About the Toyota Camry Solara
The first generation of the Toyota Camry Solara was produced in 1999. The car's mechanics were based on the Toyota Camry model that was produced from 1997 to 2001.
The first Solara was a two-door coupe that was a bit larger than the average consumer sport vehicle. It provided the extra room of a sedan, but with a little added performance.
Two trim models were available in the first generation: the SE and SLE. Two engines were available with the trim models. A 2.2-liter, 135-horsepower V-6 was available, as well as a 3.0-liter, 200-horsepower V-6. A five-speed manual and a four-speed automatic transmission were available in the first generation. Toyota Camry Solara Features
The Solara was known as the sportier version of the safe and family-friendly Camry vehicle. The Solara failed to perform as well as the Camry, showing signs of tricky handling according to many drivers.
A manual transmission was not available in the second generation, although the car was a sport version of the Camry. A five-speed transmission with a manual gate was provided instead. The paddles gave the feel of a manual transmission with the security and fuel economy of an automatic transmission.
The suspension on the vehicle gave a smooth ride. Better handling was available on the SE trim model offered in the second generation of the Solara.
The Toyota Camry Solara was discontinued after the 2008 model year and the last was produced in 2009. No plans for a re-introduction of the vehicle have been planned. Toyota Camry Solara Evolution
In 2002, a new 2.4-liter engine was introduced. It produced 157 horsepower, boosting the base speed and power for the Solara. Front and rear steering mechanics were tweaked to improve the sometimes-squeaky handling. The manual transmission was discontinued for the 2003 models.
The extra power produced by the V-6 engine made the car exciting, and the room made the car practical. The boring steering and overall lack of design appeal, however, made the Camry Solara somewhat disappointing, given that its purpose was to appeal to younger drivers.
The second-generation Solara was introduced in 2004 and sold until 2009. The mechanics and styling closely resembled the Camry sedan models produced from 2002 to 2006. The second generation added the convertible option to the coupe. A varied trim selection was also available: the SE, SE Sport, and SLE.
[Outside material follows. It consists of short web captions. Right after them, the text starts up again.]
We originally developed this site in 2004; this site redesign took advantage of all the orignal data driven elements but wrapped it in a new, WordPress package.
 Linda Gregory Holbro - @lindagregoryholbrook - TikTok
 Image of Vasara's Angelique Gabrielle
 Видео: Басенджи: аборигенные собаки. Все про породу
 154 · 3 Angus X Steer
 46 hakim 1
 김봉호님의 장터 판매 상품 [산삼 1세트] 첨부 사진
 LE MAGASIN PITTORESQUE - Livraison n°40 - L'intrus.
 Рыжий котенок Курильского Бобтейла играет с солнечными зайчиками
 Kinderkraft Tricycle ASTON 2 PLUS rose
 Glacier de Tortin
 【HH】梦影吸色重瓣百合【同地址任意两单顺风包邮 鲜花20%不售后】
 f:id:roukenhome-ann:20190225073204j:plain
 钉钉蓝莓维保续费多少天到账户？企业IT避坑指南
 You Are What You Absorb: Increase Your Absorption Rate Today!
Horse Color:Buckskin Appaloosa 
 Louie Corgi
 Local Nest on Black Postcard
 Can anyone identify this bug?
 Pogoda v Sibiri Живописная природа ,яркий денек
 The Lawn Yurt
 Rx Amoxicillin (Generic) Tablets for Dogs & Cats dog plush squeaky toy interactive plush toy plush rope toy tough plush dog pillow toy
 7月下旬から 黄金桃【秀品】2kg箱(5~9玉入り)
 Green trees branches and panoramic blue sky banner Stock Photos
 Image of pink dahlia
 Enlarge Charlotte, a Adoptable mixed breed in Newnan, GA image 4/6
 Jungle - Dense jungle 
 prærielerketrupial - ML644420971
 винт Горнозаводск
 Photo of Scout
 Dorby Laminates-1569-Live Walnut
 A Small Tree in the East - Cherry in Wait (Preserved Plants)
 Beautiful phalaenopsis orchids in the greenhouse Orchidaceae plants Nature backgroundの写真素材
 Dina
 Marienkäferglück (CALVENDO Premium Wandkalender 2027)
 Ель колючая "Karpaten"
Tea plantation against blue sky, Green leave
The base model SE coupe had a 2.4-liter four-cylinder engine that produced 157 horsepower. The five-speed automatic was introduced on this line. A 3.3-liter V-6 engine with 225 horsepower was standard on the convertible models and offered as an option for the coupe models.
The base SE trim had a decently equipped interior and exterior. The SE Sport added better suspension, bigger wheels, a modified body, and improved leather interior. The SLE added stability control and navigation features exclusive to that model.
The interior was spacious in the front but somewhat cramped for tall passengers in the back. Still, the Solara offered more room than your average sport vehicle.
The convertible version of the Solara had one disappointing feature: a cloth top. Although sexy on older vehicles, other sport car models being manufactured during this period offered hard-top designs that proved much more desirable than the Solara's cloth. This design flaw made the convertible less appealing than the competition.
The steering and handling on the sporty convertible and SE sport models led to an improved driving experience. Still, the body of the Camry was never meant for the top speed excitement that a consumer would expect from a sportier vehicle, and the design aesthetic wasn't exactly inspiring.
Although the Camry Solara has some interesting features, the bottom line is that is lacks the flash and flare you would expect from a sport vehicle. You can rely on the Camry build for reliability and comfort, but overall you’d be better served looking at the competition from the same era for a more exciting and powerful sport vehicle.